CA are a great example of emergence, and I think the inspiration for the phenomenon first being thought of. But they're a bit of a geek toy, and computery, and it's important to show that emergent phenomena occur in nature as well. Actually they occur in all systems that are complex, or big, enough.
Anyway... while a sprocket isn't a bicycle, it is an obvious part of one. Each part is different, and designed to work together according to the intention of the designer. Emergent phenomena occur in systems with identical parts, and no design or intention is there. They just occur. Like weather comes from air molecules. In the case of the ants, general evolutionary pressure is the driving force, but that itself has no designer or intention.

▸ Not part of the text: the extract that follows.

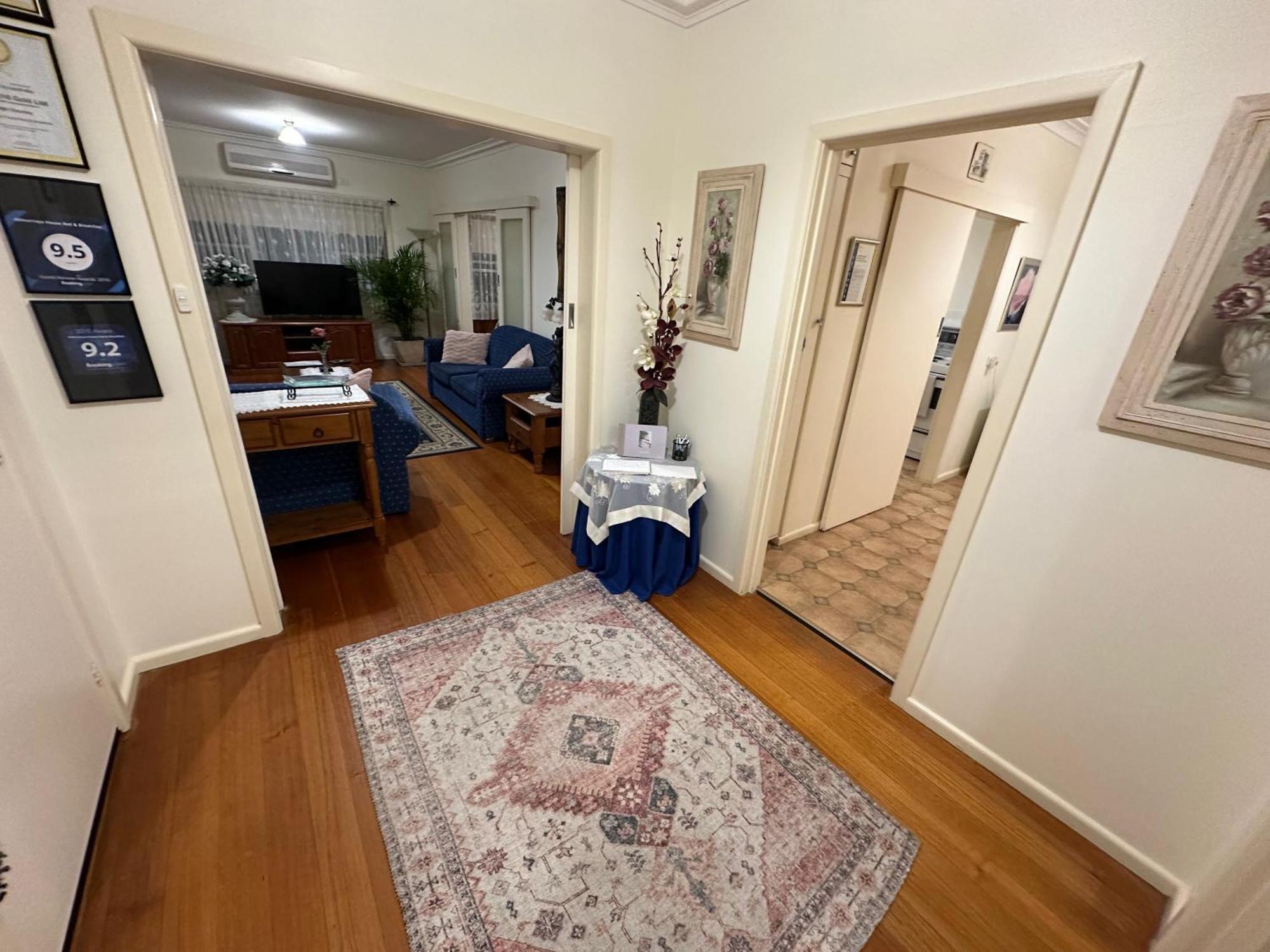 Admurraya House Bed & Breakfast ラザグレン エクステリア 写真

A bike + rider is not a valid example. Emergent phenomena are unexpected! Not obviously implicit from looking at the parts. They evolve into existence. Bikes don't.
Sorry for rambling a bit. I realise the ant thing is mentioned in the article already, though it's not explained fully. But whoever thought of the bike example doesn't understand emergent phenomena. It has to go. If somebody wants to use ants as a replacement example, there are explanations online that are better-written than mine. You could use weather, with gusts adding up to hurricanes. Weather is chaotic, too, chaotic systems and emergence are often deeply connected.

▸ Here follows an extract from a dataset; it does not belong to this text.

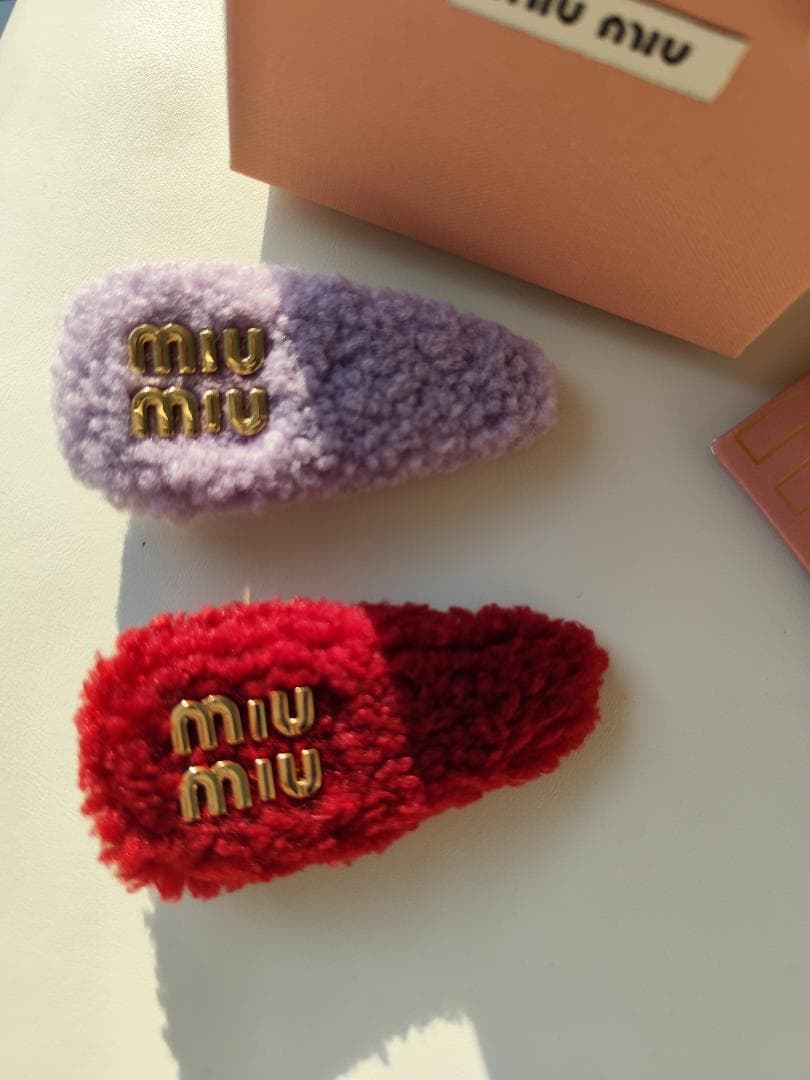 MIUMIU ファー素材 ヘアピン 2個セット 紫 赤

Some time in the future I might try replace the bike example with something bettter-written myself. I don't mind doing the work. But not if whoever wrote the bike thing is going to get territorial and just revert me, and the whole thing ends up in the hands of some ridiculous cabal of no-lives spouting WP:BLAHBLAHBLAH at me.
- 84.65.77.182 (talk) 20:55, 7 October 2020 (UTC)
- Terrible example removed. Thanks for pointing it out! (FYI, in the eusocial hymenoptera I am familiar with, the workers are anatomically female.) Cheers! Just plain Bill (talk) 21:44, 7 October 2020 (UTC)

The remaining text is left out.